Wie smarte Sensorik den Weg zur selbstoptimierenden Montage ebnet

Sensor

Quelle: Fraunhofer IPA/Foto: Rainer Bez

Wie smarte Sensorik den Weg zur selbstoptimierenden Montage ebnet

Mit der »Lean Data Acquisition« (LeanDA) haben Forscherinnen und Forscher vom Fraunhofer IPA ein Tool entwickelt, das schnell und einfach ungenutztes Optimierungs- und Einsparpotenzial in der Montage aufspürt. Die Methode könnte dereinst auch die selbstoptimierende Montage Wirklichkeit werden lassen.

Veröffentlicht am 23.05.2024

Lesezeit ca. 6 Minuten

In manuellen Montagesystemen besteht oft noch großes Optimierungspotenzial. Vor allem wenn Montagesysteme häufigen Änderungen unterliegen, die Variantenvielfalt hoch ist oder die Stückzahlen gering sind, sind klassische Methoden der Montageplanung oft zu aufwendig. Dies führt zu intransparenten Montagesystemen mit unzureichender Planungstiefe. Industrie 4.0 bietet zwar durch Digitalisierung und KI-getriebene Prozessanalysen große Optimierungspotenziale, allerdings ist auch hier die manuelle Montage aufgrund mangelnder Schnittstellen meist ein blinder Fleck.

Effizienz in der manuellen Montage ist maßgeblich für die Wettbewerbsfähigkeit

Die manuelle Montage macht einen großen Teil der Gesamtproduktionszeit von Produkten aus. In der Elektro- und Feinwerktechnik nimmt sie einen Anteil von 40 bis 70 Prozent der gesamten Produktionszeit ein. Im Maschinenbau sind es 20 bis 45 Prozent. Die manuelle Montage ist dadurch insbesondere in einem Hochlohnland wie Deutschland ein zentraler Kostentreiber. Folglich ist eine hohe Produktivität in der manuellen Montage ein wichtiger Baustein für die internationale Wettbewerbsfähigkeit.

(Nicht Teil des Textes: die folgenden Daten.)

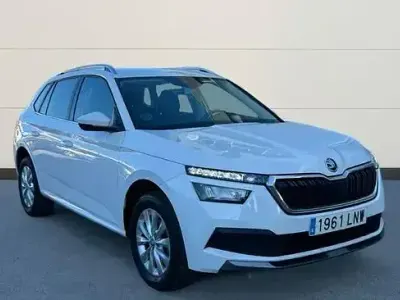 Usado Skoda Kamiq Ambition 110 CV (80 kW) 2021 Blanco SUV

Smarte Sensorik als Schlüssel zur Optimierung

LeanDA ist ein portables Sensorsystem basierend auf drahtlos kommunizierenden multimodalen Sensorpaketen. Es macht Prozessabfolgen und -zeiten in der manuellen Montage auf einfache Weise transparent, analysiert diese und legt so Optimierungspotenziale in den beobachteten Prozessen offen.

Montagearbeitsplatz
Quelle: Fraunhofer IPA/Foto: Rainer Bez

Dazu ist LeanDA in drei Schichten aufgebaut:

  1. Die kleinen Sensorpakete werden an Montagearbeitsplätzen, Werkzeugen, Kleinladungsträgern und anderen Komponenten befestigt. Dabei gilt das Motto »so viel wie nötig, so wenig wie möglich«, um die Anzahl der Pakete klein zu halten. Mit Strom versorgt werden die Sensoren über Kabel oder Batterien.
  2. Die LeanDA-App zeichnet die einzelnen Arbeitsschritte jedes beobachteten Prozesses im laufenden Betrieb auf. Man spricht dabei vom sogenannten »Labelling«.
  3. Währenddessen werden die gelabelten Sensordaten im Hintergrund genutzt, um kleine Machine Learning-Modelle zur Aktivitätserkennung zu trainieren, die entweder auf den Sensorpaketen selbst oder auf einem Edge Device in der Nähe laufen. So kann LeanDA nach dem Training selbsttätig Aktivitäten in der Montage erkennen und damit Prozessabfolgen bilden.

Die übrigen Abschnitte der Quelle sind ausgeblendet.